[DATA PROVIDED]

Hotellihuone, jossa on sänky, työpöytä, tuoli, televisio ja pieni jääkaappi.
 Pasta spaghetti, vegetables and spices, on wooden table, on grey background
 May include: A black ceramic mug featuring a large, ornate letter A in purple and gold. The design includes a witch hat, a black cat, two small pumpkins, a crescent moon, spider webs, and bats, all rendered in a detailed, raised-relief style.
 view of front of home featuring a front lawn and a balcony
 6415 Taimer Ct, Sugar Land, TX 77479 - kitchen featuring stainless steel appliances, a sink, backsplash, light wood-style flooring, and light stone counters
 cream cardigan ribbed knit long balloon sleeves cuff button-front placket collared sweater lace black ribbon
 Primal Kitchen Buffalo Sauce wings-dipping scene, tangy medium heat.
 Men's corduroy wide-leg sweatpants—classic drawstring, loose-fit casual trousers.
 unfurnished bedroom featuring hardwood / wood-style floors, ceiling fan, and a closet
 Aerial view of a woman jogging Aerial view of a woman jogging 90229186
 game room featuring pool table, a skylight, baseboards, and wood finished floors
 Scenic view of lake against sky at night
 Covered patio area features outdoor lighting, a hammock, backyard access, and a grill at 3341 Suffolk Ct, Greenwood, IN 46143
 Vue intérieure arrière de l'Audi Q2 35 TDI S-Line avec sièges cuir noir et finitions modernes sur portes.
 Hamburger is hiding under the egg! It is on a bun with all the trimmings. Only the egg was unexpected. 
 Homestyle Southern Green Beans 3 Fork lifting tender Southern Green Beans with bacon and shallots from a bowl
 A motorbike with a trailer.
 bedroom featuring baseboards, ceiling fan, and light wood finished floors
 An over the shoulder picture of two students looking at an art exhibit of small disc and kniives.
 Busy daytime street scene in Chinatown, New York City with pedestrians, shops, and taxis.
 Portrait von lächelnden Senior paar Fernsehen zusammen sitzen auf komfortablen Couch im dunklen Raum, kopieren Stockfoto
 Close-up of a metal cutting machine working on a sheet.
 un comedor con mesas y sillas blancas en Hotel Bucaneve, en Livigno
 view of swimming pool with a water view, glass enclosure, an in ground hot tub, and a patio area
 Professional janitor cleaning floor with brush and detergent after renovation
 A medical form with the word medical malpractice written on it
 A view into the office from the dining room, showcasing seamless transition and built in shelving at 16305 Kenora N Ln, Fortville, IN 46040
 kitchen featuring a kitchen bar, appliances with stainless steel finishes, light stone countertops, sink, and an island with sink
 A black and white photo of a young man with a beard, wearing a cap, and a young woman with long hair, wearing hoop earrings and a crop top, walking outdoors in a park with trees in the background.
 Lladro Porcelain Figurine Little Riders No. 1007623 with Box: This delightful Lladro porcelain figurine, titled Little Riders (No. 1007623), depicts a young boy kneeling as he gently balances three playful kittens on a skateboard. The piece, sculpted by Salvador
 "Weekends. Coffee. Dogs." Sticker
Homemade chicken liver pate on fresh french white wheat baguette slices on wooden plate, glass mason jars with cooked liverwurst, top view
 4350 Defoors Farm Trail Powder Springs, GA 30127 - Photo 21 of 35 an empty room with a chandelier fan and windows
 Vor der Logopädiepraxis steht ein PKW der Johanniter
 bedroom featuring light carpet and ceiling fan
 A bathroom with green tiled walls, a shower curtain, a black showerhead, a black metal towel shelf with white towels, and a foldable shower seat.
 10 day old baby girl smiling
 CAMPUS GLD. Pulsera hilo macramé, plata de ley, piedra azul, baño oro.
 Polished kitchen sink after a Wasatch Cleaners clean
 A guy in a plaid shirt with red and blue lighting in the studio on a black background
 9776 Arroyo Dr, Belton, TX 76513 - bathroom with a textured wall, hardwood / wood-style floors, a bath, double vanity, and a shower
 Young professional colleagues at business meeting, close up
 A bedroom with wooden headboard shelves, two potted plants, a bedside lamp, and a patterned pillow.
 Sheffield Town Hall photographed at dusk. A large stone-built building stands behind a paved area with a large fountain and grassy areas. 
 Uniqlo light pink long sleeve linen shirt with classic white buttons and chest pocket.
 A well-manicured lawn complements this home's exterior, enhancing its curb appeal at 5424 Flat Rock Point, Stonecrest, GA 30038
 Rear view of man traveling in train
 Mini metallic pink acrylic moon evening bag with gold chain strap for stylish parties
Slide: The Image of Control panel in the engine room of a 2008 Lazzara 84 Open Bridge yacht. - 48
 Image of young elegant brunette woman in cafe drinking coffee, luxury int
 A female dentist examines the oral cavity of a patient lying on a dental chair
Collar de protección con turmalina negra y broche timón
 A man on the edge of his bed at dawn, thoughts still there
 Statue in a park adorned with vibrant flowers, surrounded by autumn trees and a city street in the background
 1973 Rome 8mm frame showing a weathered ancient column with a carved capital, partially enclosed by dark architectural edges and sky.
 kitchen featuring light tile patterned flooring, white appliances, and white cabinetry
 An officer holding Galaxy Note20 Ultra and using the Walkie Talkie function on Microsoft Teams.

[/DATA PROVIDED]

The answer must be a word-for-word reproduction of every record above.

SOLUTION TO THE EXERCISE:
Hotellihuone, jossa on sänky, työpöytä, tuoli, televisio ja pieni jääkaappi.
 Pasta spaghetti, vegetables and spices, on wooden table, on grey background
 May include: A black ceramic mug featuring a large, ornate letter A in purple and gold. The design includes a witch hat, a black cat, two small pumpkins, a crescent moon, spider webs, and bats, all rendered in a detailed, raised-relief style.
 view of front of home featuring a front lawn and a balcony
 6415 Taimer Ct, Sugar Land, TX 77479 - kitchen featuring stainless steel appliances, a sink, backsplash, light wood-style flooring, and light stone counters
 cream cardigan ribbed knit long balloon sleeves cuff button-front placket collared sweater lace black ribbon
 Primal Kitchen Buffalo Sauce wings-dipping scene, tangy medium heat.
 Men's corduroy wide-leg sweatpants—classic drawstring, loose-fit casual trousers.
 unfurnished bedroom featuring hardwood / wood-style floors, ceiling fan, and a closet
 Aerial view of a woman jogging Aerial view of a woman jogging 90229186
 game room featuring pool table, a skylight, baseboards, and wood finished floors
 Scenic view of lake against sky at night
 Covered patio area features outdoor lighting, a hammock, backyard access, and a grill at 3341 Suffolk Ct, Greenwood, IN 46143
 Vue intérieure arrière de l'Audi Q2 35 TDI S-Line avec sièges cuir noir et finitions modernes sur portes.
 Hamburger is hiding under the egg! It is on a bun with all the trimmings. Only the egg was unexpected. 
 Homestyle Southern Green Beans 3 Fork lifting tender Southern Green Beans with bacon and shallots from a bowl
 A motorbike with a trailer.
 bedroom featuring baseboards, ceiling fan, and light wood finished floors
 An over the shoulder picture of two students looking at an art exhibit of small disc and kniives.
 Busy daytime street scene in Chinatown, New York City with pedestrians, shops, and taxis.
 Portrait von lächelnden Senior paar Fernsehen zusammen sitzen auf komfortablen Couch im dunklen Raum, kopieren Stockfoto
 Close-up of a metal cutting machine working on a sheet.
 un comedor con mesas y sillas blancas en Hotel Bucaneve, en Livigno
 view of swimming pool with a water view, glass enclosure, an in ground hot tub, and a patio area
 Professional janitor cleaning floor with brush and detergent after renovation
 A medical form with the word medical malpractice written on it
 A view into the office from the dining room, showcasing seamless transition and built in shelving at 16305 Kenora N Ln, Fortville, IN 46040
 kitchen featuring a kitchen bar, appliances with stainless steel finishes, light stone countertops, sink, and an island with sink
 A black and white photo of a young man with a beard, wearing a cap, and a young woman with long hair, wearing hoop earrings and a crop top, walking outdoors in a park with trees in the background.
 Lladro Porcelain Figurine Little Riders No. 1007623 with Box: This delightful Lladro porcelain figurine, titled Little Riders (No. 1007623), depicts a young boy kneeling as he gently balances three playful kittens on a skateboard. The piece, sculpted by Salvador
 "Weekends. Coffee. Dogs." Sticker
Homemade chicken liver pate on fresh french white wheat baguette slices on wooden plate, glass mason jars with cooked liverwurst, top view
 4350 Defoors Farm Trail Powder Springs, GA 30127 - Photo 21 of 35 an empty room with a chandelier fan and windows
 Vor der Logopädiepraxis steht ein PKW der Johanniter
 bedroom featuring light carpet and ceiling fan
 A bathroom with green tiled walls, a shower curtain, a black showerhead, a black metal towel shelf with white towels, and a foldable shower seat.
 10 day old baby girl smiling
 CAMPUS GLD. Pulsera hilo macramé, plata de ley, piedra azul, baño oro.
 Polished kitchen sink after a Wasatch Cleaners clean
 A guy in a plaid shirt with red and blue lighting in the studio on a black background
 9776 Arroyo Dr, Belton, TX 76513 - bathroom with a textured wall, hardwood / wood-style floors, a bath, double vanity, and a shower
 Young professional colleagues at business meeting, close up
 A bedroom with wooden headboard shelves, two potted plants, a bedside lamp, and a patterned pillow.
 Sheffield Town Hall photographed at dusk. A large stone-built building stands behind a paved area with a large fountain and grassy areas. 
 Uniqlo light pink long sleeve linen shirt with classic white buttons and chest pocket.
 A well-manicured lawn complements this home's exterior, enhancing its curb appeal at 5424 Flat Rock Point, Stonecrest, GA 30038
 Rear view of man traveling in train
 Mini metallic pink acrylic moon evening bag with gold chain strap for stylish parties
Slide: The Image of Control panel in the engine room of a 2008 Lazzara 84 Open Bridge yacht. - 48
 Image of young elegant brunette woman in cafe drinking coffee, luxury int
 A female dentist examines the oral cavity of a patient lying on a dental chair
Collar de protección con turmalina negra y broche timón
 A man on the edge of his bed at dawn, thoughts still there
 Statue in a park adorned with vibrant flowers, surrounded by autumn trees and a city street in the background
 1973 Rome 8mm frame showing a weathered ancient column with a carved capital, partially enclosed by dark architectural edges and sky.
 kitchen featuring light tile patterned flooring, white appliances, and white cabinetry
 An officer holding Galaxy Note20 Ultra and using the Walkie Talkie function on Microsoft Teams.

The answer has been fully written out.